Thorne took the ball on the right side and found herself in space. She tore down the right wing and cut to her left foot as a defender nearly made a play on the ball, took one more touch and curled a left-footed shot around the goalkeeper and into the net.
3-0, Vikings. Beddingfield didn’t challenge again.
“I’ll never forget that goal,” Jenkins said. “That goal made our vision of beating Beddingfield a reality right here on our field.”
Jenkins and the Vikings found their elusive win against Beddingfield, and in a broader sense, they also had found a born goal-scorer. Thorne went on to score many important goals in her Tarboro career, and it is no accident that the three most successful years in program history coincided with Thorne’s three years as a striker.

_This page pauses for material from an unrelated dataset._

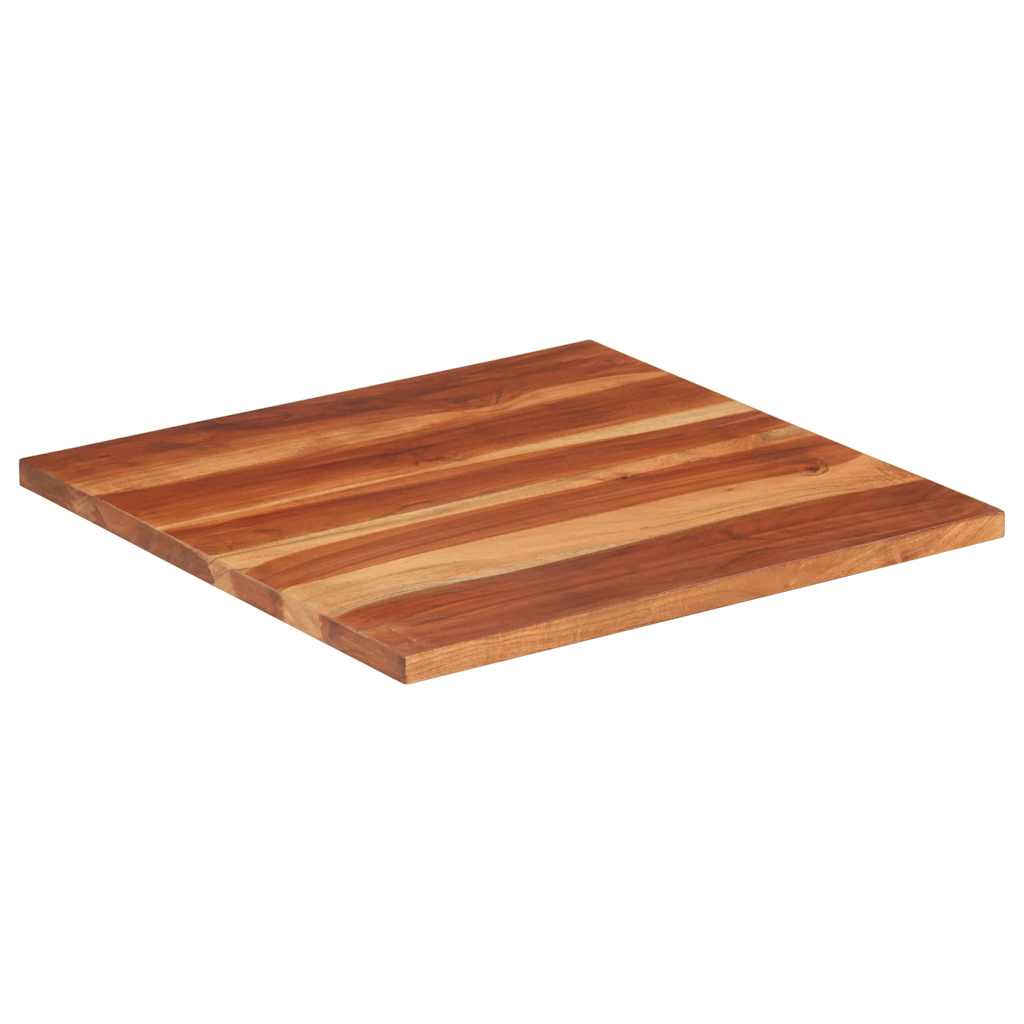 Maison Exclusive - Tischplatte Massivholz Akazie 25-27 Mm 60x60 C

Thorne scored 89 goals in her career, including 61 in the past two years alone. As a junior, she scored more goals by herself than any team in the conference scored total. She averaged more than three goal per game during the past two seasons and helped the Vikings to their first playoffs appearance in 2012, first conference championship in 2013 and first ever playoffs win in 2014.
For her role in the program’s rise, Thorne was selected as the Telegram’s 2014 All-Area Girls’ Soccer Player of the Year.
Thorne initially wasn’t sure what a position change would mean for her, but it didn’t take long for her to learn she was a forward at heart.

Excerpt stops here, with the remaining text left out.